• PROBLEM TO WORK ON
With pictures excluded, copy word for word the lines in the data below from the line containing "The Mesmerizing Brilliance" through the line containing "25 X 1953 USA".

(Data records)
>>>>

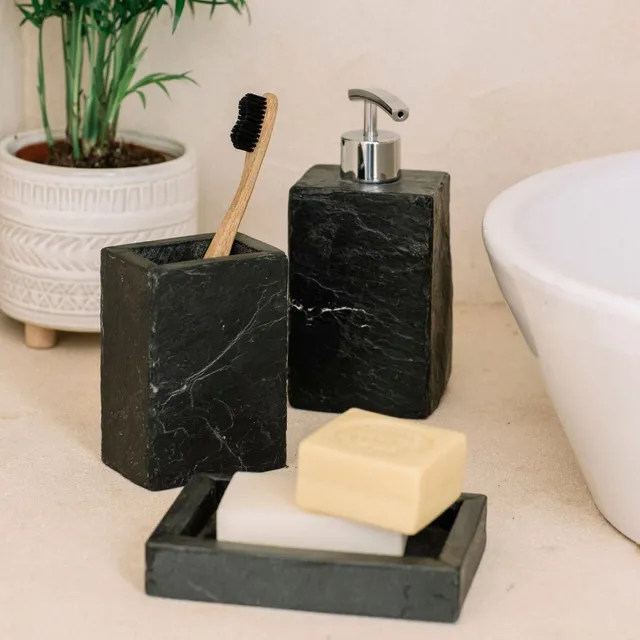 Andrea House distributeur savon ardoise noir salle de bain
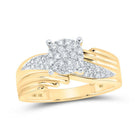 The Mesmerizing Brilliance 10kt Yellow Gold Round Diamond Cluster Bridal Wedding Engagement Ring 3/8 Cttw - Splendid Jewellery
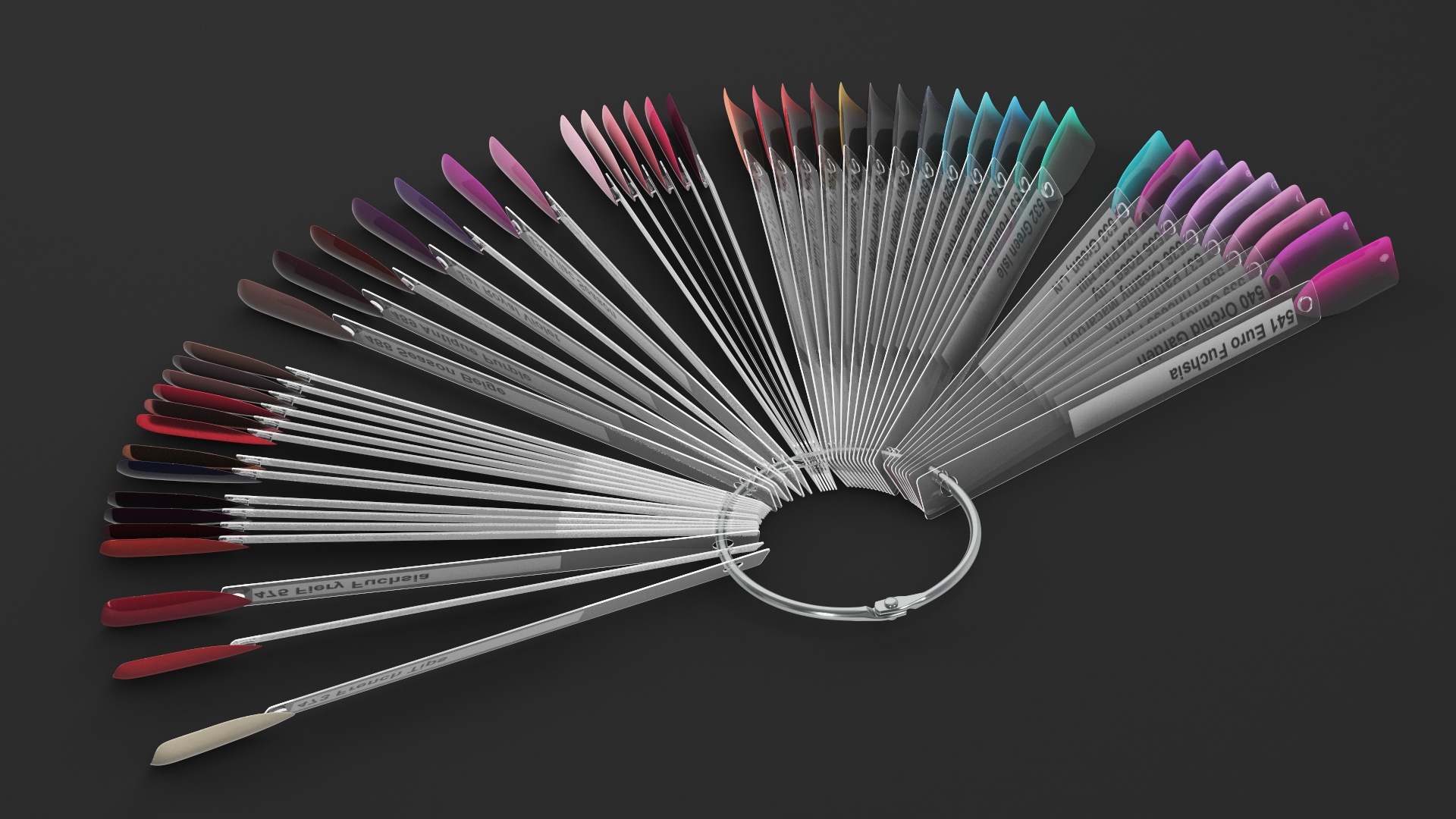 Fan Nail Polish Color Display 3D model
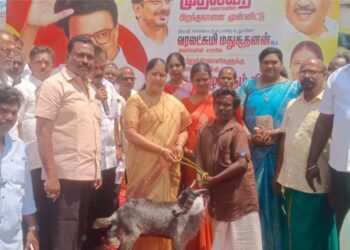 மாற்றுத்திறனாளிகளுக்கு இலவச ஆடுகள் வழங்கிய எம்.எல்.ஏ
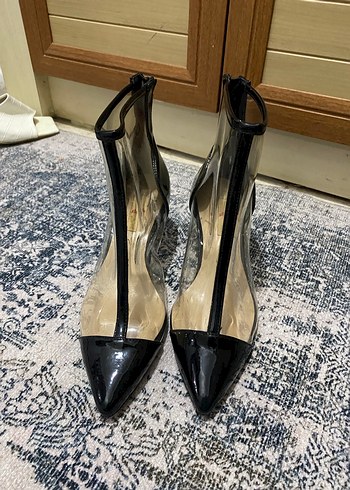 Parlak Siyah Stiletto Topuklu Kadın Gece Ayakkabısı - Görsel 2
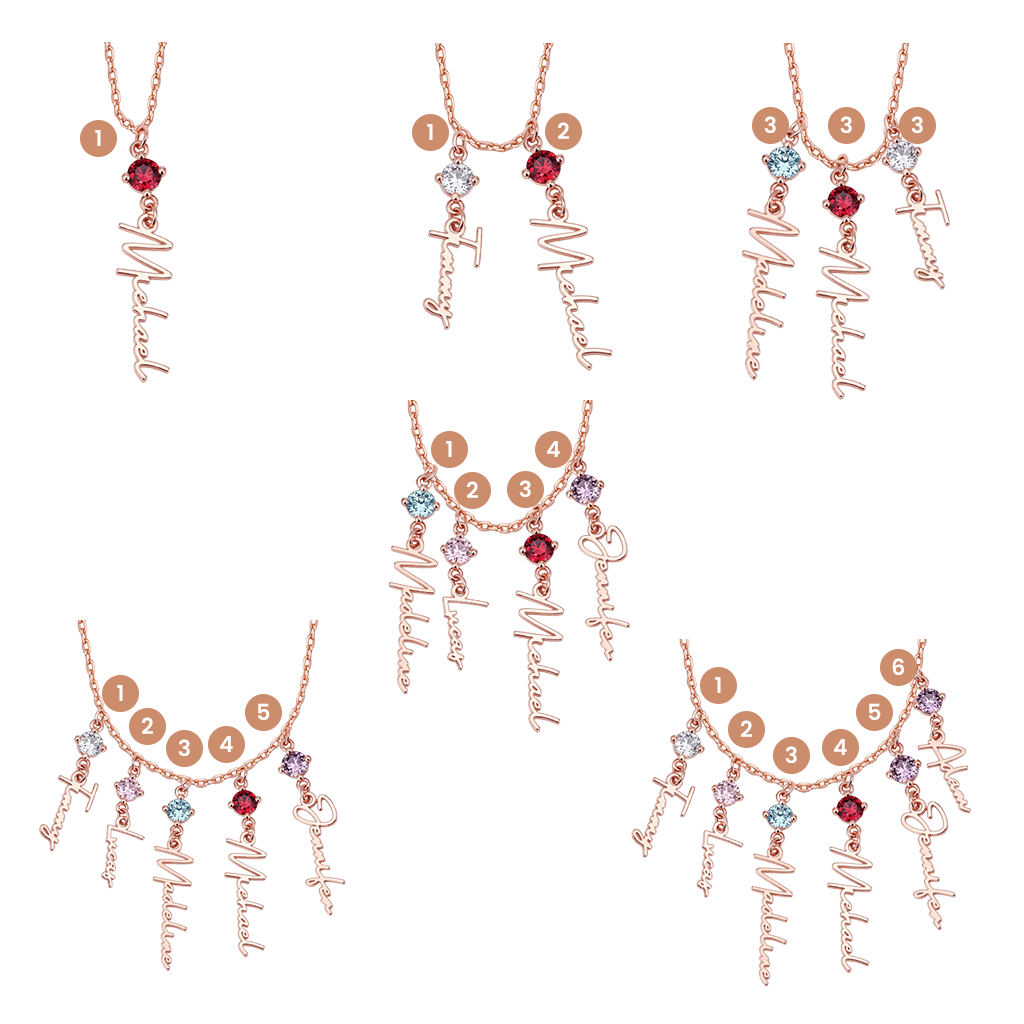 Gnoce Multi-Script Name Birthstone Lariat Necklace_4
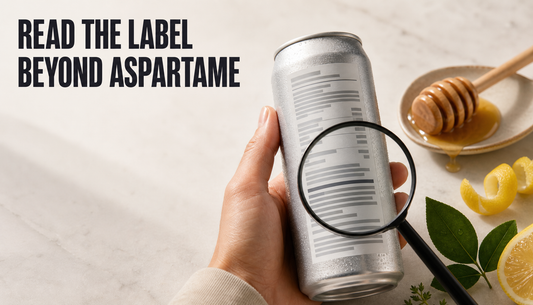 Shopper inspecting the back label of a generic energy drink can with a magnifying lens, honey, lemon, and botanicals nearby, under the headline Read the Label Beyond Aspartame.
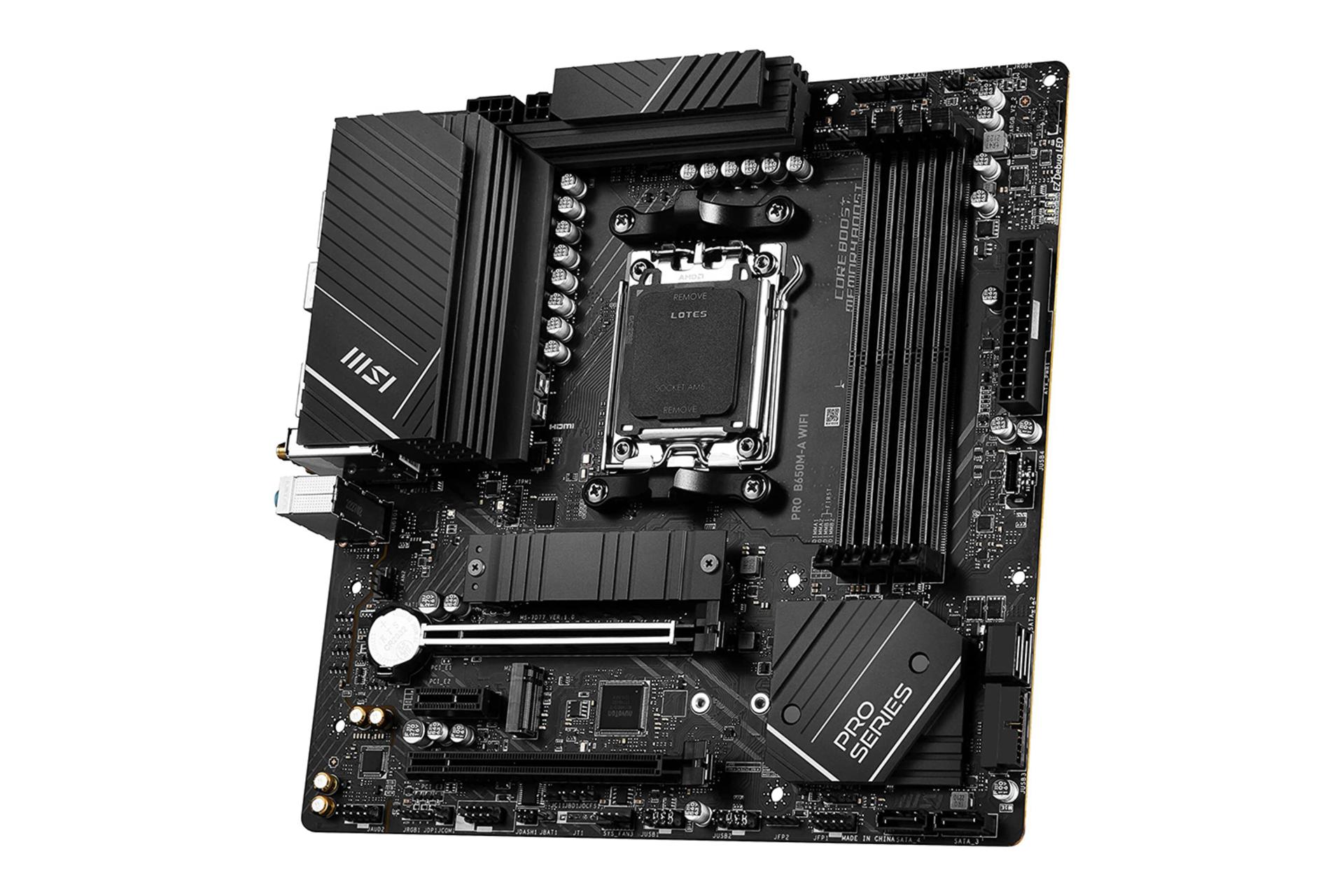 نمای کناری مادربرد ام اس آی MSI PRO B650M-A WIFI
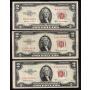 25 X 1953 USA RED SEAL $2 notes Series 1953 A B C FR-1500-01-02-03 VF to VF+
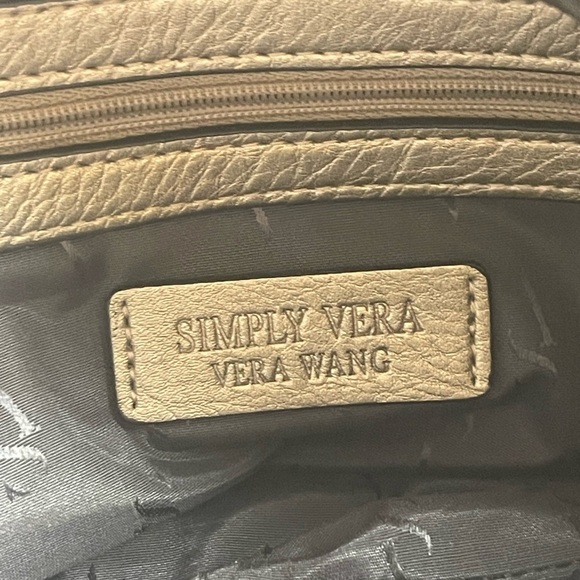 Vera Wang Buena Satchel Handbag Metallic Gray Pewter Studs Vintage Boho Shoulder - Picture 10 of 11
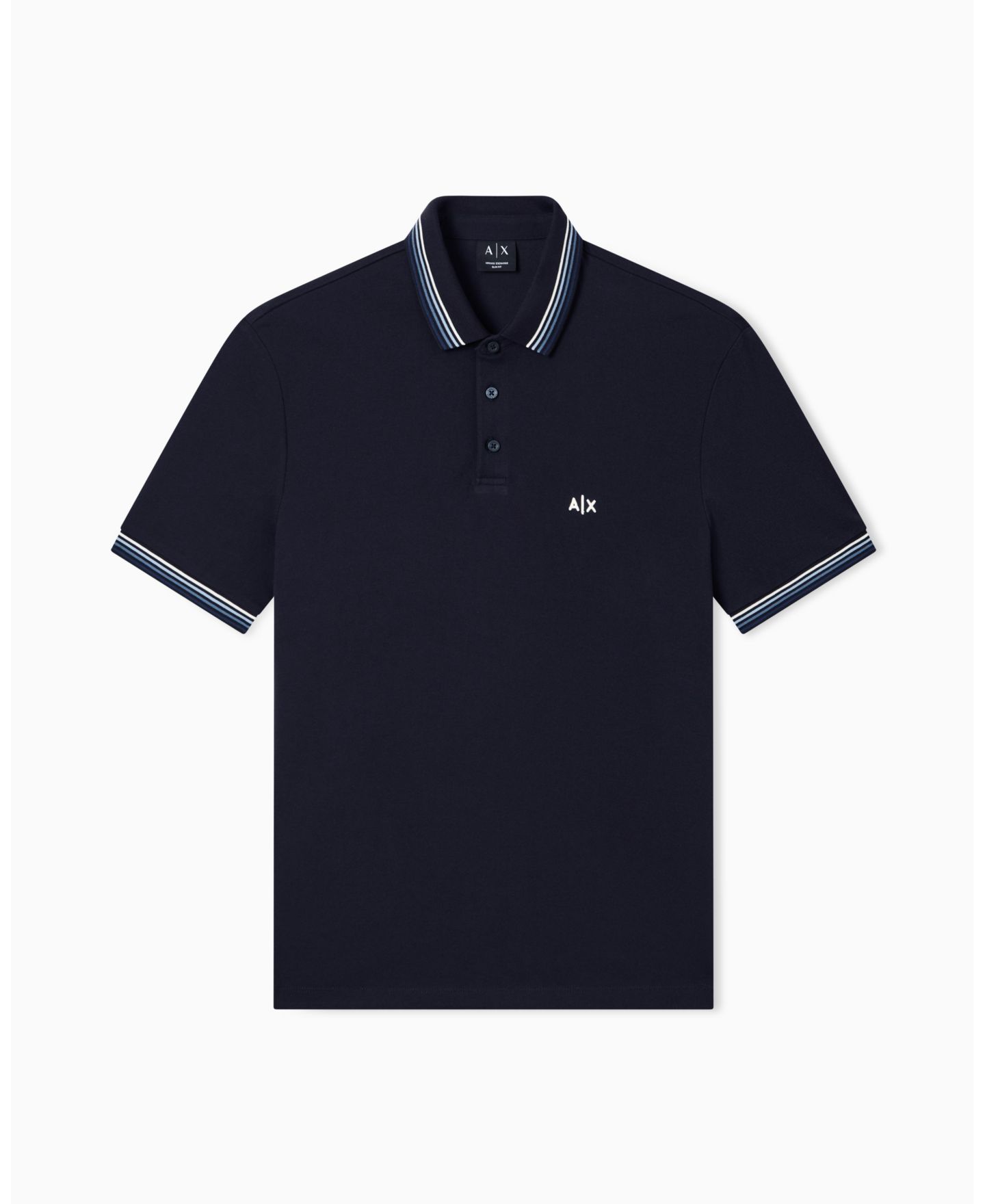Мужское поло A|X Armani Exchange Short Sleeve Pique Tipping Polo Shirt, цвет: Глубокий тёмно-синий — фото 2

<<<<

• ANSWER TO THIS TASK
 The Mesmerizing Brilliance 10kt Yellow Gold Round Diamond Cluster Bridal Wedding Engagement Ring 3/8 Cttw - Splendid Jewellery
 Fan Nail Polish Color Display 3D model
 மாற்றுத்திறனாளிகளுக்கு இலவச ஆடுகள் வழங்கிய எம்.எல்.ஏ
 Parlak Siyah Stiletto Topuklu Kadın Gece Ayakkabısı - Görsel 2
 Gnoce Multi-Script Name Birthstone Lariat Necklace_4
 Shopper inspecting the back label of a generic energy drink can with a magnifying lens, honey, lemon, and botanicals nearby, under the headline Read the Label Beyond Aspartame.
 نمای کناری مادربرد ام اس آی MSI PRO B650M-A WIFI
 25 X 1953 USA RED SEAL $2 notes Series 1953 A B C FR-1500-01-02-03 VF to VF+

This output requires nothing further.